Short descriptive text snippets

....

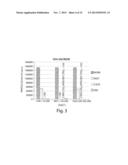 Stable Formulations for Lyophilizing Therapeutic Particles diagram and image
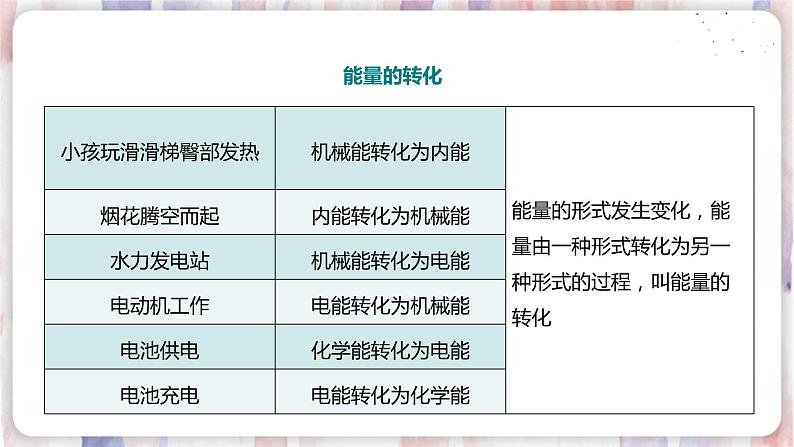 北师大版物理9年级 16.3能源：危机与希望 PPT课件+教案06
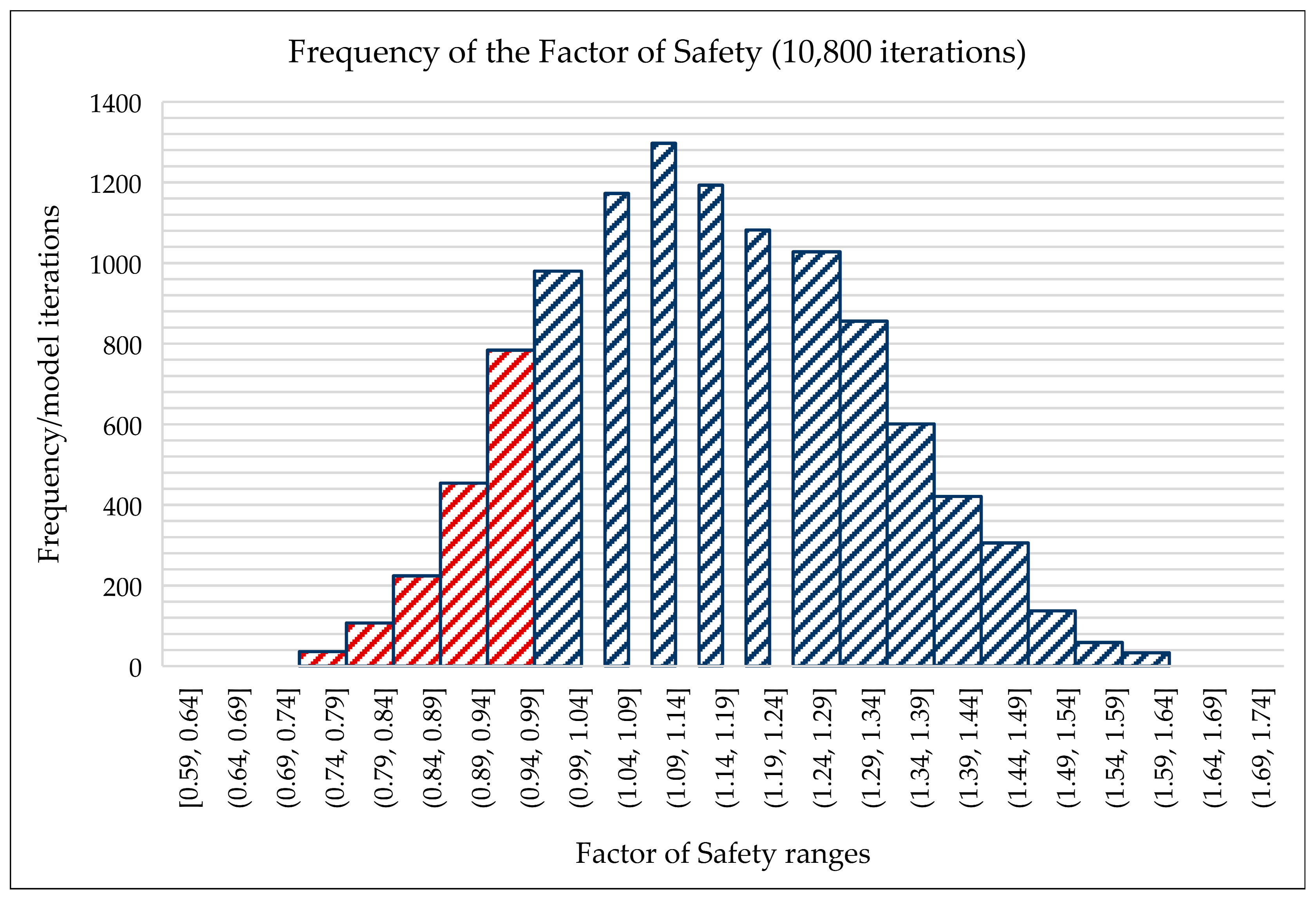 Mining 05 00044 g005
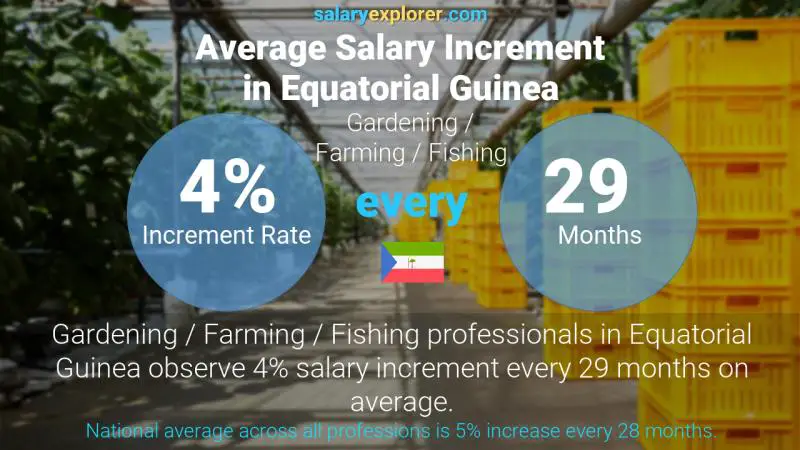 Annual Salary Increment Rate Equatorial Guinea Gardening / Farming / Fishing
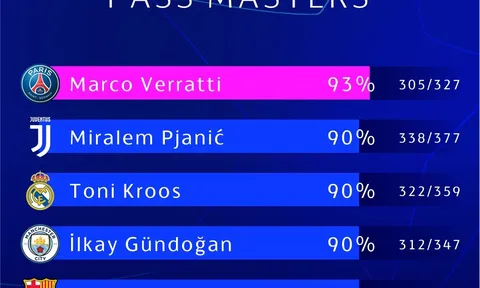 Top 5 tiền vệ chuyền bóng đỉnh nhất Champions League mùa này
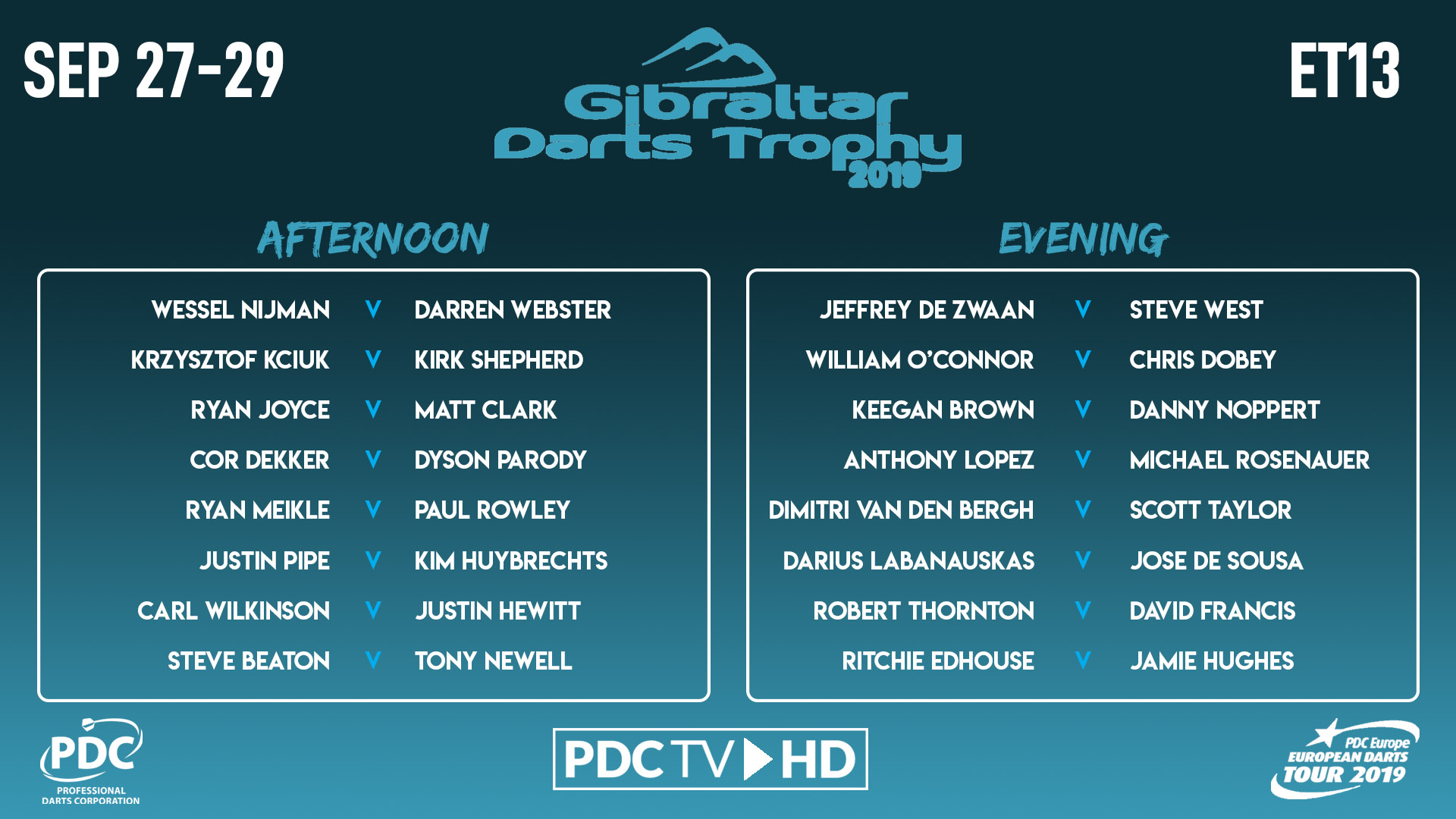 Gibraltar Darts Trophy (PDC)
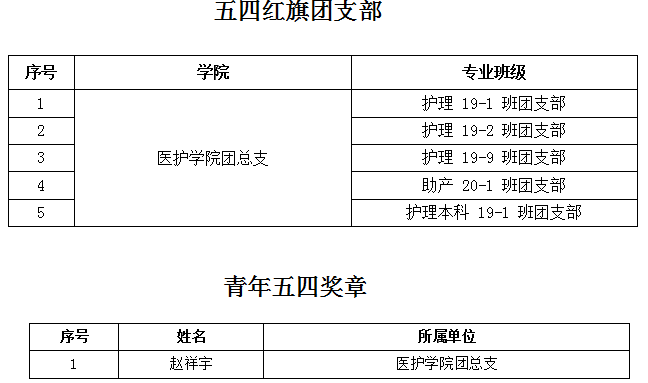 2-2106220Z554620.png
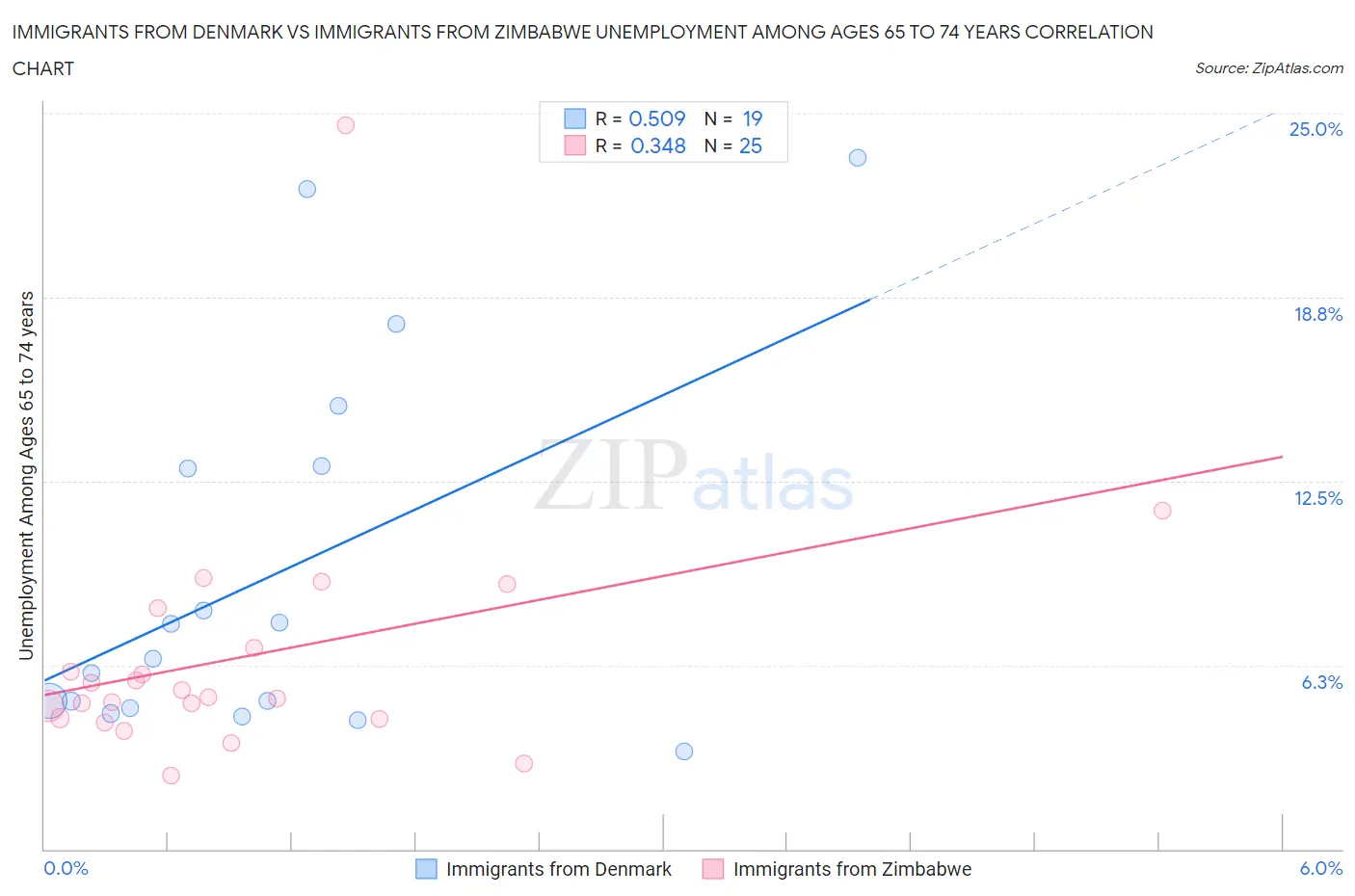 Immigrants from Denmark vs Immigrants from Zimbabwe Unemployment Among Ages 65 to 74 years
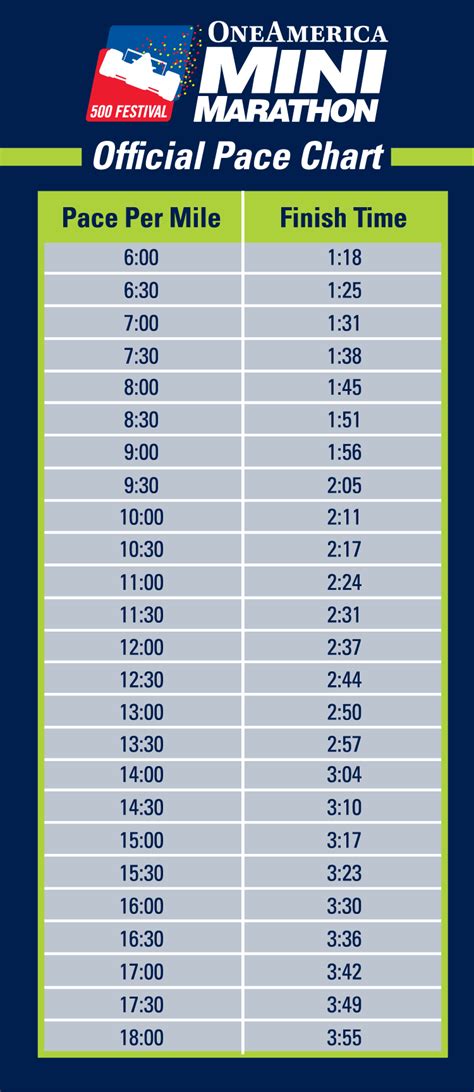 Seeding Information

....

_What you need to do_
Where the line containing "北师大版物理9年级 16.3能源：危机与希望 PPT课件+教案06" appears in the records above, begin copying and continue exactly through the last line, with nothing else; omit every picture.

_Response to this exercise_
 北师大版物理9年级 16.3能源：危机与希望 PPT课件+教案06
 Mining 05 00044 g005
 Annual Salary Increment Rate Equatorial Guinea Gardening / Farming / Fishing
 Top 5 tiền vệ chuyền bóng đỉnh nhất Champions League mùa này
 Gibraltar Darts Trophy (PDC)
 2-2106220Z554620.png
 Immigrants from Denmark vs Immigrants from Zimbabwe Unemployment Among Ages 65 to 74 years
 Seeding Information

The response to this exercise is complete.